Gary Haggarty, 37 anni, è accusato di coinvolgimento nell’assassinio di John Harbinson, morto a North Belfast nel maggio 1997.

Harbinson, 39 anni, fu ammanettato e picchiato fino alla morte da una banda dell’Ulster Volunteer Force nel quartiere di Mount Vernon.

Haggarty è stato fermato dagli inquirenti dell’Historical Enquiries Team (HET), un’unità della polizia composta di specialisti, creata per eseguire nuove indagini sugli omicidi irrisolti compiuti dai terroristi.

E’ comparso in aula senza avvocato ma ha confermato di aver compreso le accuse e di aver diritto ad un legale.

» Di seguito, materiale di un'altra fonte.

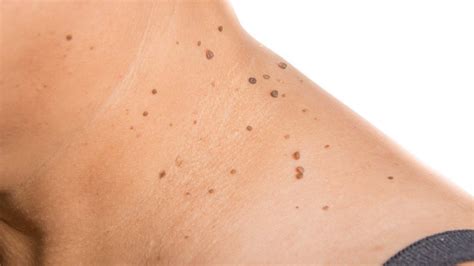 What causes skin tag? - Toronto Dermatology Centre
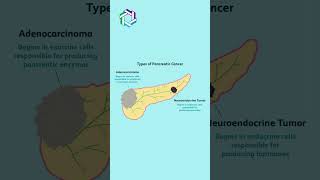 Types of Pancreatic Cancer Explained  Knowing the Different Forms  Dr Vivek Sukumar [upl. by Lutero]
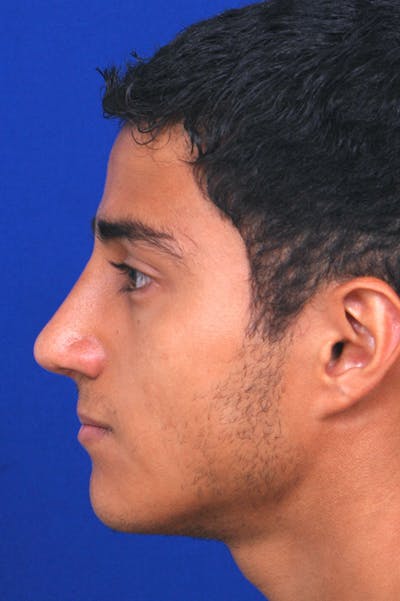 Rhinoplasty Before & After Gallery - Patient 24221120 - Image 4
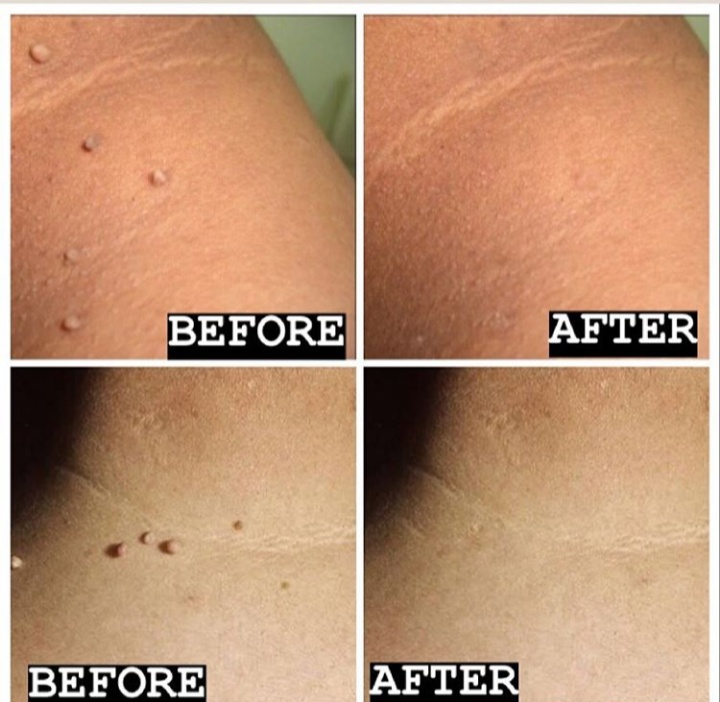 Wart is a small growth with a rough texture that can appear anywhere on the body.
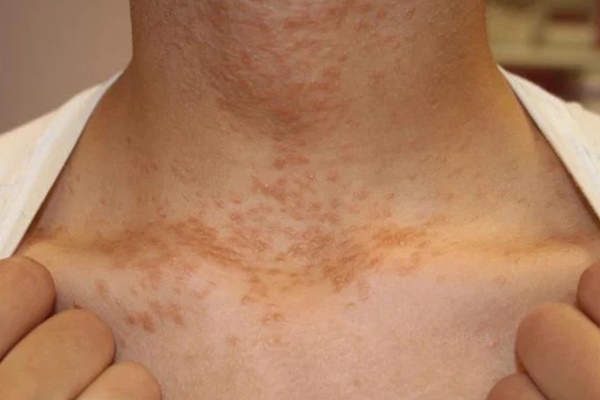 Một nhóm nữ sinh 21 tuổi cùng lúc phát hiện mọc nhiều nốt mụn li ti trên cổ, hóa ra nhiễm virus HPV chỉ vì 1 hành động khi ở chung-1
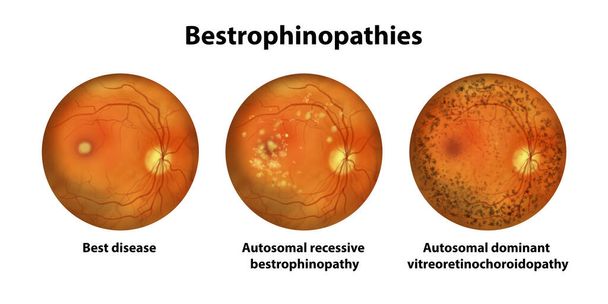 Bestrofinopatías, trastornos hereditarios de la retina causados por mutaciones en el gen BEST1, ilustración. Mejor enfermedad, bestrofinopatía autosómica recesiva, vitreorretinocoroidopatía autosómica dominante - Foto, imagen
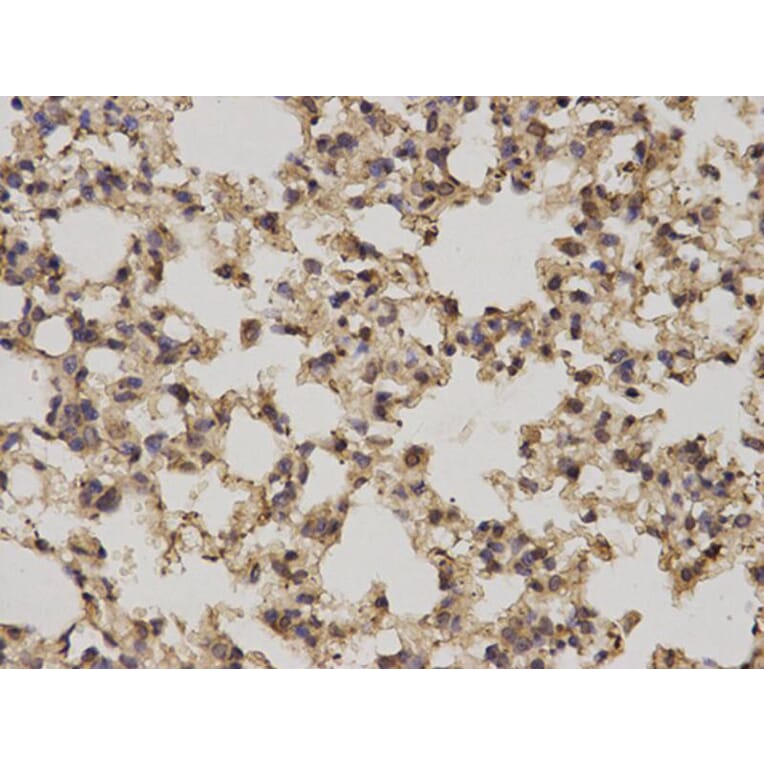 Immunohistochemistry - PRKCA Antibody from Signalway Antibody (32053) - Antibodies.com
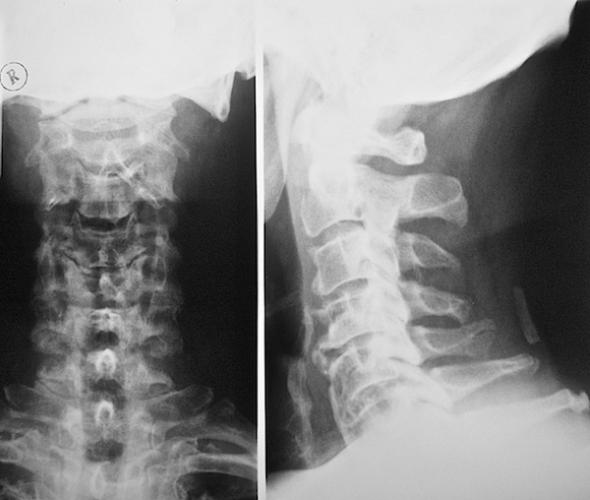 Чаще всего рентген назначают при остеохондрозе шеи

Vestito con jeans ed una camicia a quadri, Heggart ha riferito al giudice di non cercare il rilascio su cauzione.

Dopo che un inquirente ha affermato di poterlo collegare al reato, è stato rimandato in custodia per comparire nuovamente in aula, tramite collegamento video, il prossimo mese.

Mentre l’accusato lasciava il banco degli imputati, il giudice distrettuale Fiona Bagnall lo ha esortato a cercare assistenza legale.

“Questi sono argomenti seri, i più seri possibili”, le ha detto.

Anche l’ex sodale di Haggarty, Mark Haddock, è accusato dell’omicidio di Harbinson, eseguito nel quartiere dove il famoso lealista era al comando di una banda del terrore.

Haddock, sospettato da molte persone di essere un agente al soldo dello Special Branch, fu arrestato a luglio in prigione mentre si trovava in custodia per aver partecipato, secondo l’accusa, all’assassinio del suo rivale Tommy English, dell’Ulster Defence Association, avvenuto nell’ottobre del 2000.

Le nuove accuse sono scaturite come parte dell’Operazione Ballast, un’indagine condotta dagli ufficiali dell’HET.

Fu creata in seguito al rapporto della ex Police Ombudsman, Nuala O’Loan, sulla collusione tra membri della RUC e lealisti della UVF di Mount Vernon.